21/05/2011 - Gli alunni scoprono la legalità col Diario per una vita migliore

"Rispetta le regole, è divertente, se lo fai tu si aggiunge altra gente". È attraverso l'elaborazione di spot come questo, attraverso quiz, disegni, giochi e altre attività che migliaia di ragazzi delle scuole primarie e secondarie di primo grado hanno compreso e fatto proprio il concetto di legalità, collegandolo a buone pratiche come fare sport, rispettare l'ambiente, adottare una corretta alimentazione. Lo strumento è stato il "Diario per una vita migliore", progetto della Polizia di Stato ideato nove anni fa da Domenico Geracitano, collaboratore tecnico capo nonchè presidente dell'associazione "Per una vita migliore", patrocinato da Ministero dell'Interno, Provincia e Comune e promosso in collaborazione con Scuola PolGai, Polizia stradale e postale, Centro studi pubblica sicurezza, Accademia di belle arti SantaGiulia e laboratorio di Psicologia dell'Università Cattolica. Il percorso intrapreso quest'anno si è chiuso ieri mattina per quasi 1.800 alunni di diverse scuole elementari cittadine alla Scuola PolGai, il cui piazzale interno si è trasformato in una sorta di palestra. Tra slalom di corsa, lanci della palla, prove nei cerchi, guidati da istruttori, i bambini sono stati protagonisti di una prima fase della festa all'insegna dello sport e di tre imperativi: lanciare, saltare, correre.

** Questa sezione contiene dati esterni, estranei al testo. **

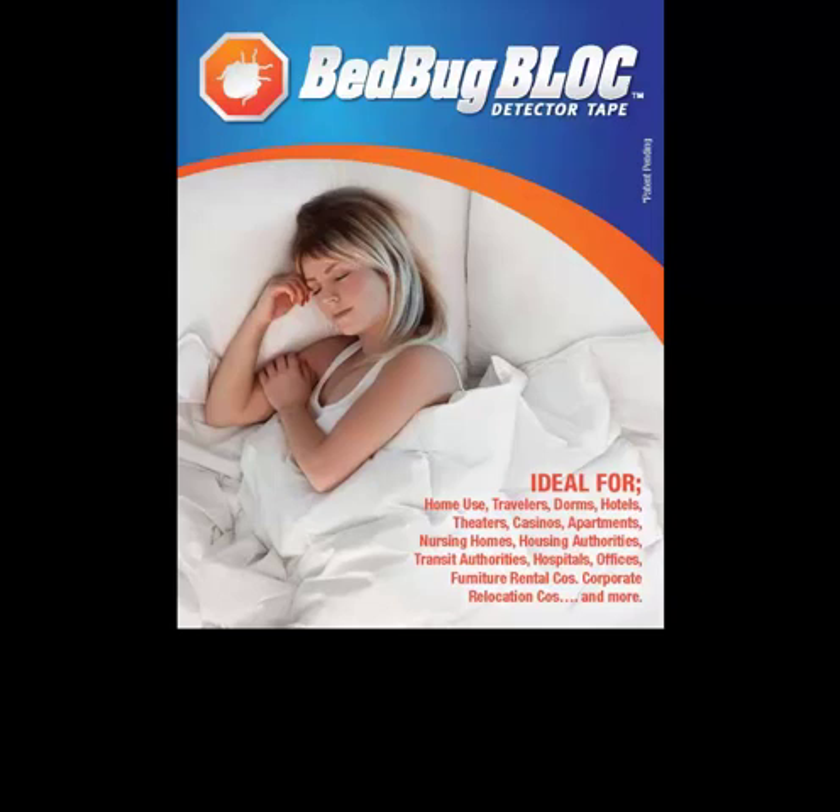A picture is worth a thousand words, and maybe a thousand bedbugs, hence creating this three-minute video for our interested parties.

La seconda parte della mattinata è stata invece dedicata alla proiezione di video sul bullismo, sulla sicurezza stradale e la sicurezza web ("Internet è come un mare - si legge in un altro spot -, bisogna essere prudenti"). Ai bambini è stato infine consegnato il nuovo "Diario per una vita migliore", anno scolastico 2011/12, realizzato come raccolta dei loro elaborati. "Nel nuovo volume compaiono anche le figure di Giovanni Falcone e Paolo Borsellino, che raccontano con linguaggio semplice la loro storia, così come quella di Vincenzo Parisi e del "poliziotto con la Ferrari", mentre un'altra novità è rappresentata dal Diario web - spiega Geracitano -. I bambini e i giovani che hanno seguito il percorso educativo, 3mila in provincia, 13mila in Italia, hanno fatto sì che anche noi adulti imparassimo e gioissimo dei loro e dei nostri progressi". "Cosa abbiamo imparato? Che nella vita dobbiamo fare i bravi - spiegano Angelica, Irene e Sara della Corridoni -, stare bene insieme, comportarci correttamente". "Rispettare le leggi è importante - aggiungono Stefano, Luca e Vittorio della Canossi -. Ci comporteremo legalmente anche da adulti".